The problem was Webber had not moved and had kept his line and that led to the contact. Vettel was not all the way past when he tried to move across from left to right and it was simply inexperience on his part. He was trying to force the move but ultimately there was no reason for Webber to have to give up his line. It is called motor racing for a reason and Webber was simply racing and making it difficult for Vettel as is his right.

His aim was to keep Vettel on a tight line so it would be difficult for him under braking at Turn 12 and he could re-pass him on the exit of the turn as his teammate ran wide. I do not think Webber did anything wrong, but it is going to be important for Red Bull to make sure there is no long term damage in the relationship between their drivers, which had been excellent until Sunday. Both are pleasant guys and I am sure they will move on from this. They have to as there is a world championship at stake and how both react is going to be important for their respective hopes.

Webber came out of the incident in Turkey the better off as he finished and scored points, but it should have been a much better weekend for him, Vettel and the team. McLaren were the beneficiaries as they picked up their third win of the season, but there was also tension at their garage after the race. From what I understand Hamilton was disappointed about being told to back off and save fuel, then be immediately challenged by Button, who briefly got past him before Hamilton re-took the lead.
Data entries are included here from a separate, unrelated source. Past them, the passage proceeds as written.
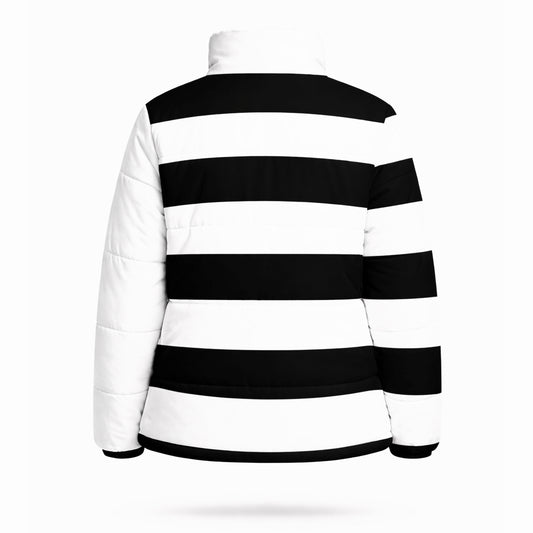 Balance Manteau Puffer by Danny Colina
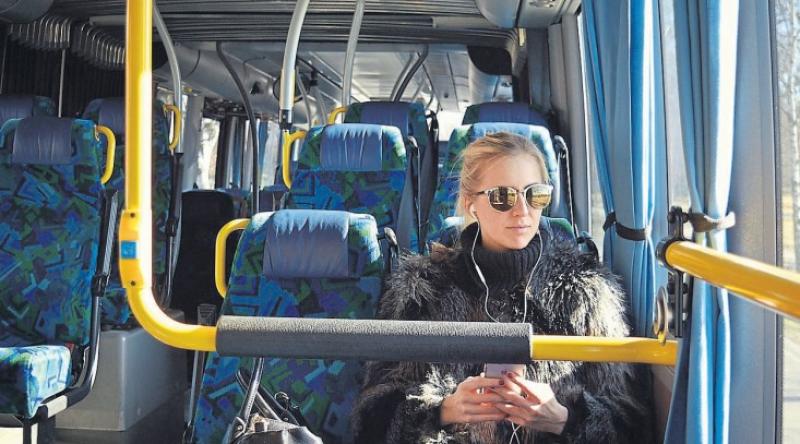 Uproar after bus service is axed in Kildare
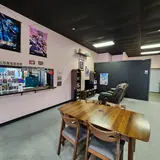 Mana Brew, tienda de TCG en Texarkana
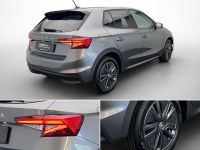 Skoda Fabia - Vorschau Bild 19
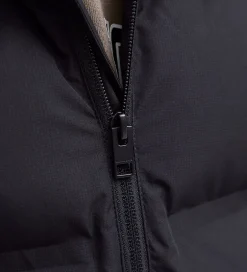 Dunveste Og Dyneveste|Jack & Jones Dynevest - JjeSoho - Sort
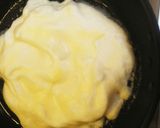 モンサンミッシェル風(笑)簡単オムライス作り方8写真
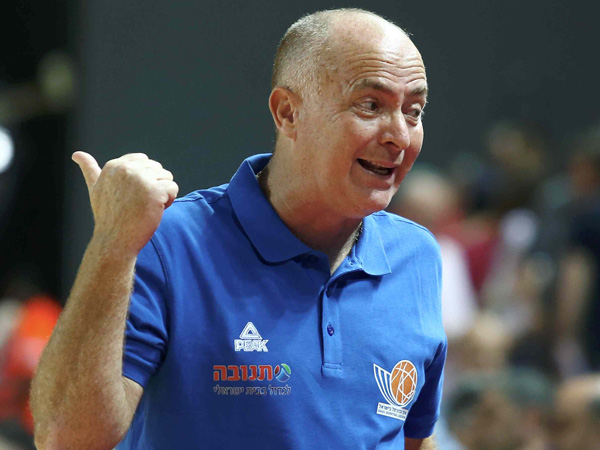 לסיים בין 8 הגדולות, יהיה הישג נהדר (אלן שיבר)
Button was told immediately after their battle to back off himself and save fuel, and feelings were running high at McLaren afterwards, which is understandable as both are fighting to win the title. And they did show how to race without taking each other off, although they did have small contact when Button re-took the position. It was a great late duel to watch. Red Bull and McLaren were the class of the field in Istanbul, with Michael Schumacher in the Mercedes GP leading the rest of the field some 30 seconds behind.

The key thing in Turkey was the F-duct system. McLaren had it and it gave them a big straight-line speed advantage. Red Bull tried it during practice but abandoned using it as they were not getting the desired result from it. I spoke to Adrian Newey, Red Bull's technical guru, after the race and he admitted the team is under pressure. Red Bull still have an advantage with their car, but McLaren have made a big step forward and have got their F-duct system working very well. It is now up to Red Bull to respond and Newey knows it.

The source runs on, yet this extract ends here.